◆ TASK INPUT ◆
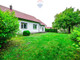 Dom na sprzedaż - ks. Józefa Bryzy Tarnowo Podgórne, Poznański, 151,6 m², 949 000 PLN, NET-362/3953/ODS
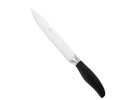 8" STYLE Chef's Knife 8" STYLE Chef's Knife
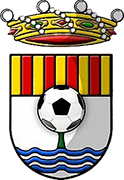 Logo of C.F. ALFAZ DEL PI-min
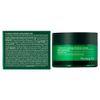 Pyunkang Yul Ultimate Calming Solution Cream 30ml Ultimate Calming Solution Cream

==

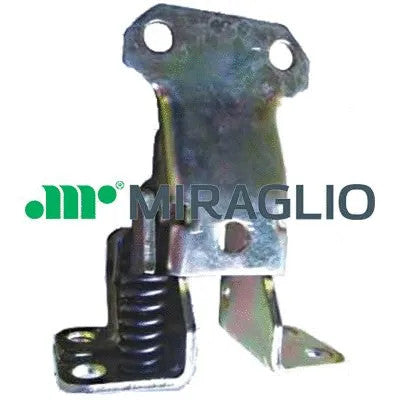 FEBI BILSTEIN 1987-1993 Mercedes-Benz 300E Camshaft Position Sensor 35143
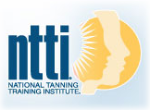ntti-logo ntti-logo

◆ TASK DIRECTIONS ◆
Within the material above, only the stretch from the line holding "Dom na sprzedaż" through the line holding "Pyunkang Yul Ultimate" is to be restated exactly. Pictures are dropped.

◆ RESPONSE ◆
 Dom na sprzedaż - ks. Józefa Bryzy Tarnowo Podgórne, Poznański, 151,6 m², 949 000 PLN, NET-362/3953/ODS
 8" STYLE Chef's Knife 8" STYLE Chef's Knife
 Logo of C.F. ALFAZ DEL PI-min
 Pyunkang Yul Ultimate Calming Solution Cream 30ml Ultimate Calming Solution Cream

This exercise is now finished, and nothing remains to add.